__GOAL OF THE EXERCISE__:
Starting with the line containing "Cat driver (EK)" and going on through the line containing "Photo of free", return the lines of the data below exactly, and only those.

__PROVIDED RECORDS__:
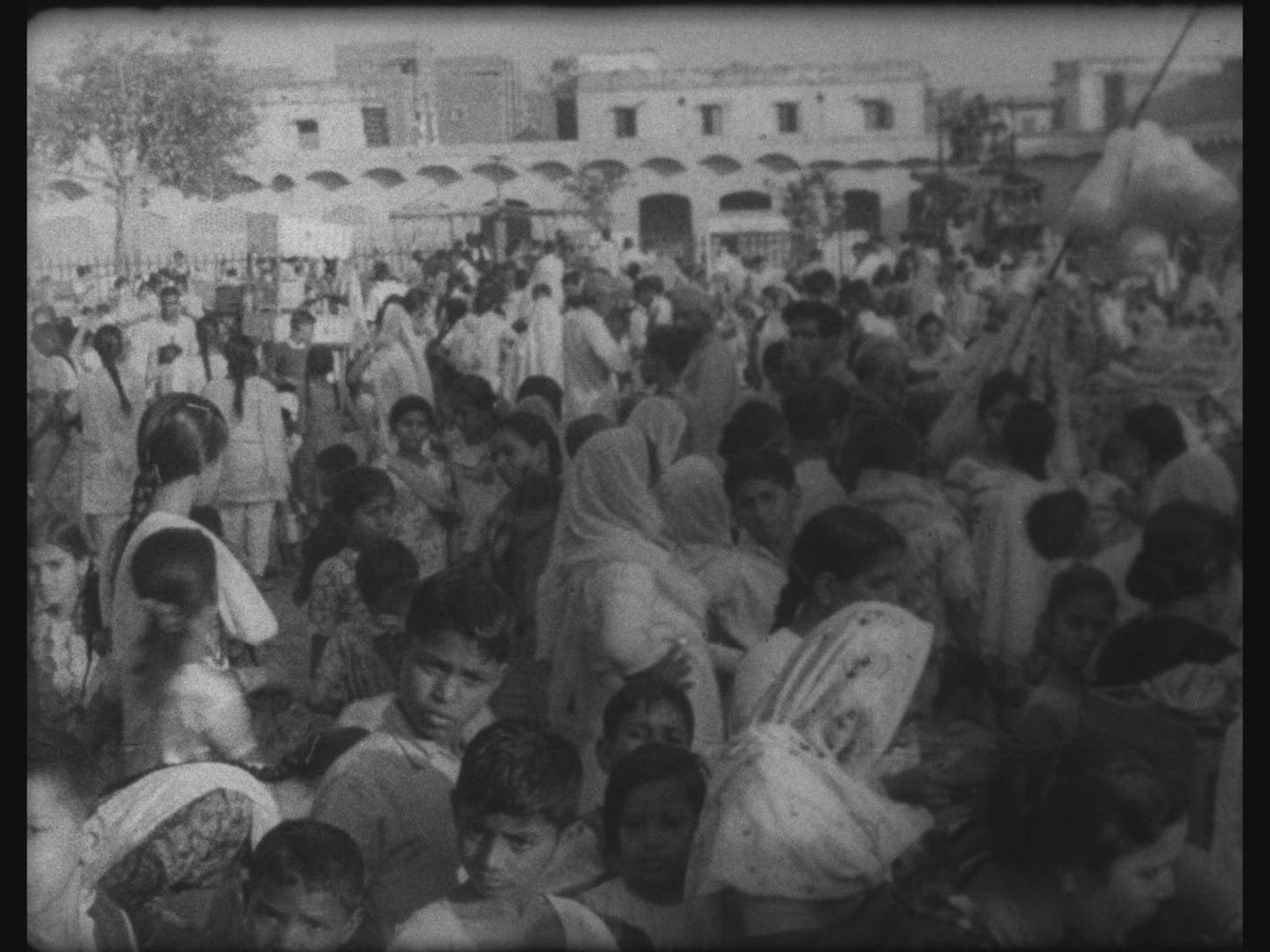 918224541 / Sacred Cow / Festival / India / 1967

---

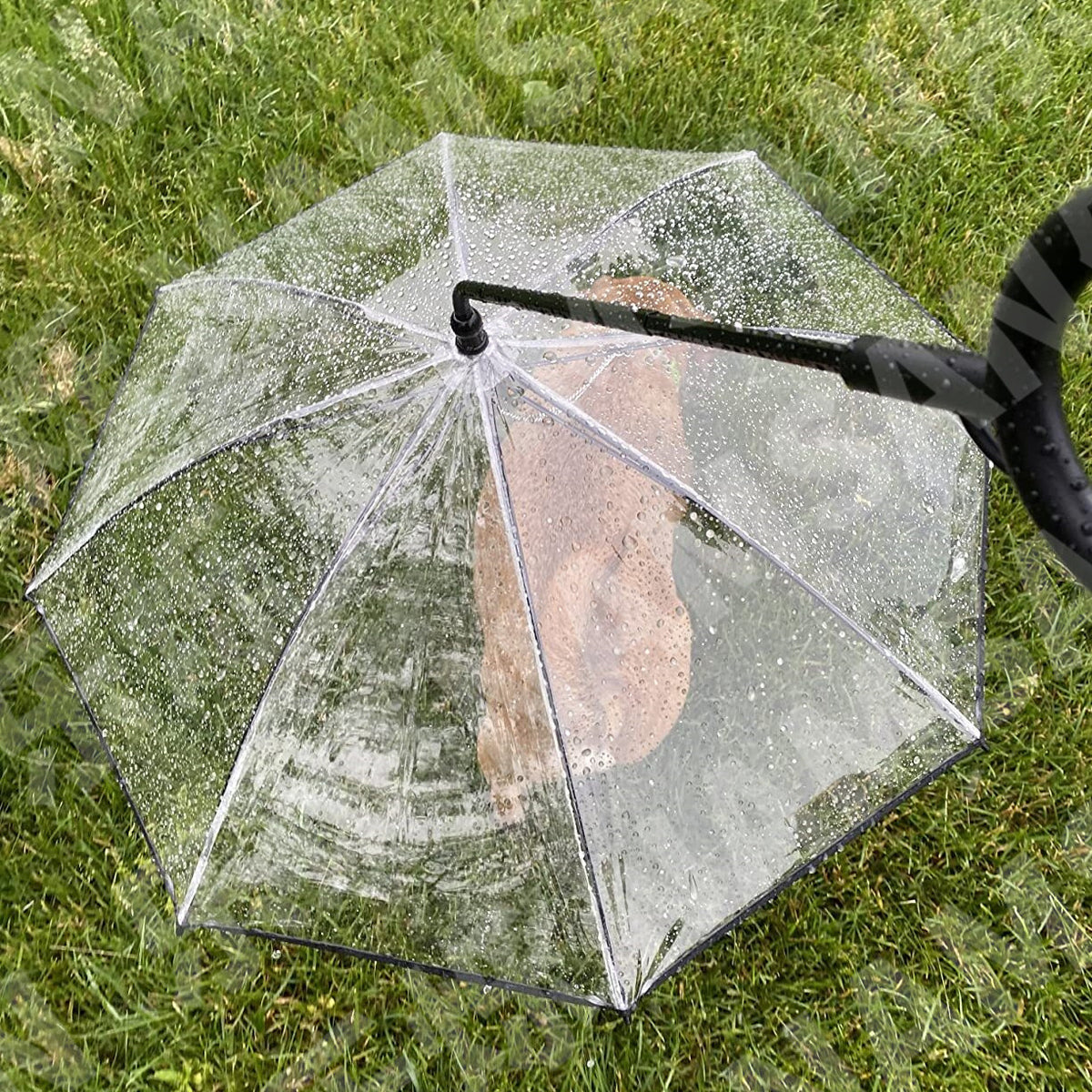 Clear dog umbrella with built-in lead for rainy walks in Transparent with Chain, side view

* * *

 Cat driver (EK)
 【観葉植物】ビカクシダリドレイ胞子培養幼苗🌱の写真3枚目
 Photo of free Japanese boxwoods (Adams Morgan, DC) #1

__ANSWER TO THIS EXERCISE__:
 Cat driver (EK)
 【観葉植物】ビカクシダリドレイ胞子培養幼苗🌱の写真3枚目
 Photo of free Japanese boxwoods (Adams Morgan, DC) #1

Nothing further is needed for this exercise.